The Broadway version of THE COLOR PURPLE (and the Broadway tour) played in big houses where even if you had a seat in the orchestra, you were still pretty far away. My recollection of the musical, believe it or not, is that it was lovely but not particularly exciting. And before I saw SpeakEasy’s production, I couldn’t remember any of the songs.

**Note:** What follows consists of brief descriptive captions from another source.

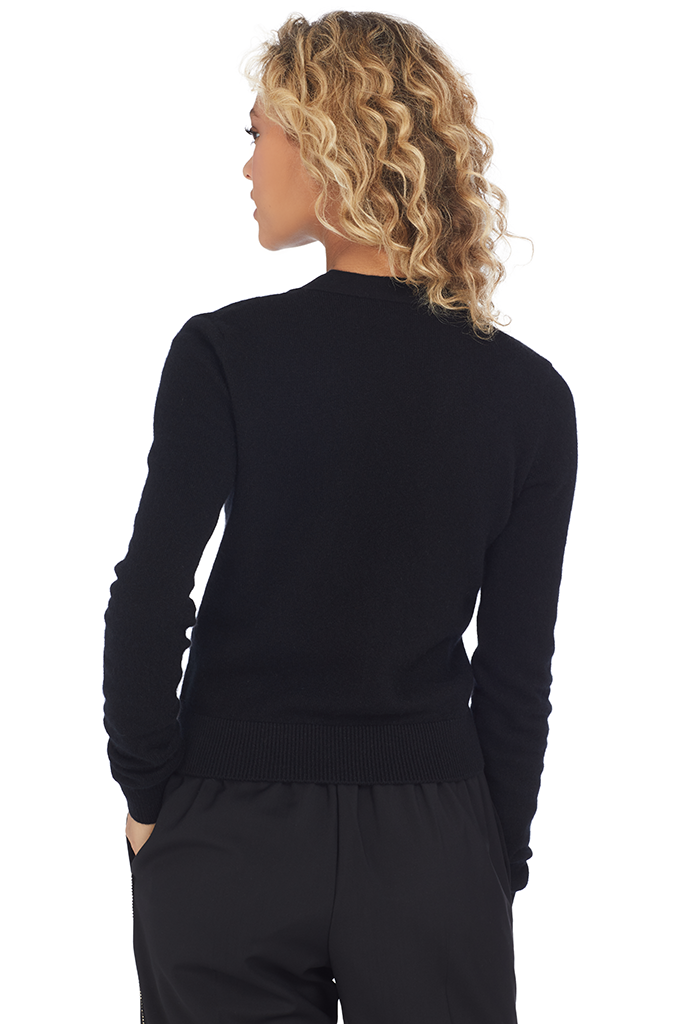 No. 21 Numero Ventuno Cropped Cashmere Sequin Cardigan (Black)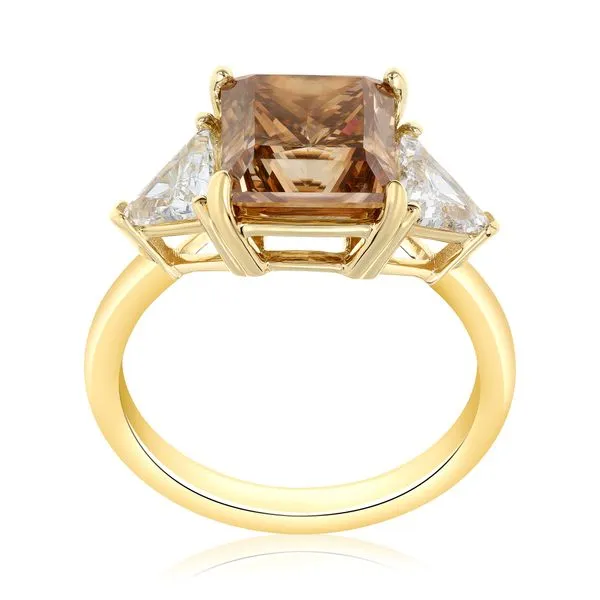 GIA Certified Fancy Brown Princess Cut and Trillion 14k Yellow Gold Diamond Ring Image 2 Carroll's Jewelers Fort Lauderdale, FL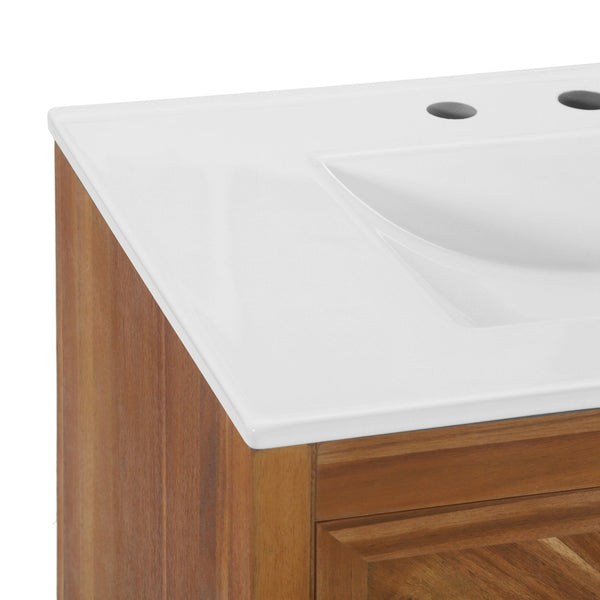 English Elm 30 Inch Farmhouse Bathroom Vanity Acacia Herringbone Cabinet with Ceramic Sink Top W5278S00005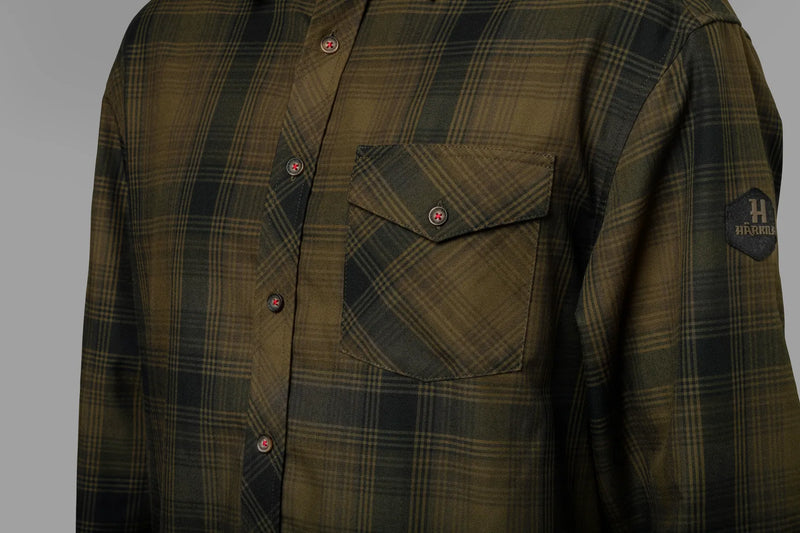 Afbeelding laden in Galerijviewer, Härkila Driven Hunt Flannel Shirt, olive green check
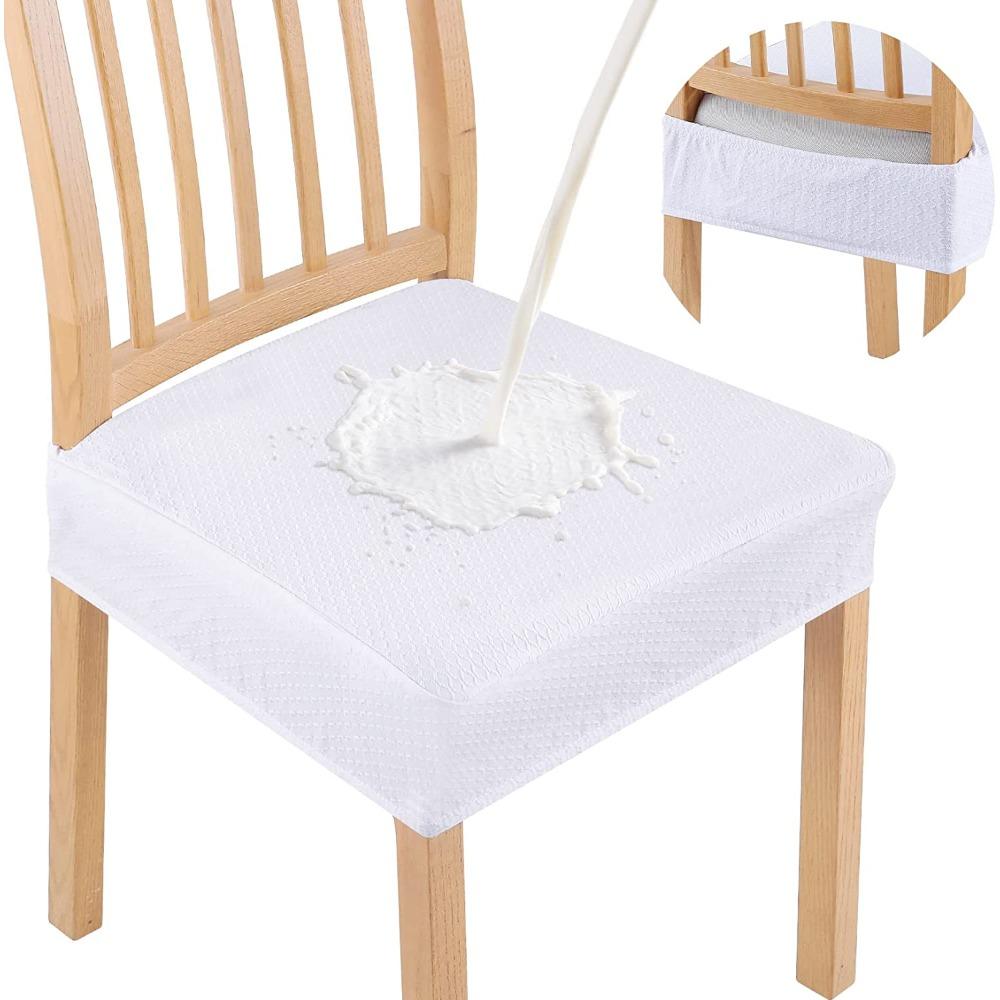 Small diamond lattice jacquard waterproof chair cushion cover hotel restaurant dining chair cover cover home home chair cover cover 05 small square splash-proof белый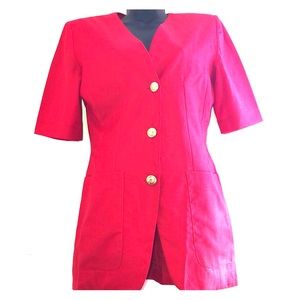 A red button down with gold buttons.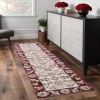 8' Ivory Red Bordered Floral Indoor Runner Rug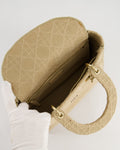 *FIRE PRICE* Christian Dior Medium Lady D-Lite Bag in Beige Cannage Canvas with Champagne Gold Hardware RRP ¬£4,300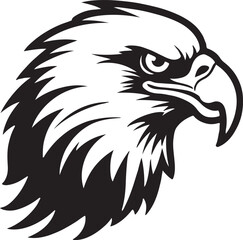 Eagle silhouette black and white logo template animal tattoo symbol and sign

Leave it to director Paul Daigneault to know it would work like a house afire in a small theater. SpeakEasy Stage’s THE COLOR PURPLE (playing at the BCA through Feb.8th) raises the roof with its foot stomping ensemble numbers, its high stakes drama and those hilarious quips from the gossiping “Greek chorus” telling you “who’s hoochie coochin’ with who.” You’re right in the thick of it, even if you’re seated in the back of the Wimberly. And you’ll leave singing Shug Avery’s “Push Da Button,” I guarantee it.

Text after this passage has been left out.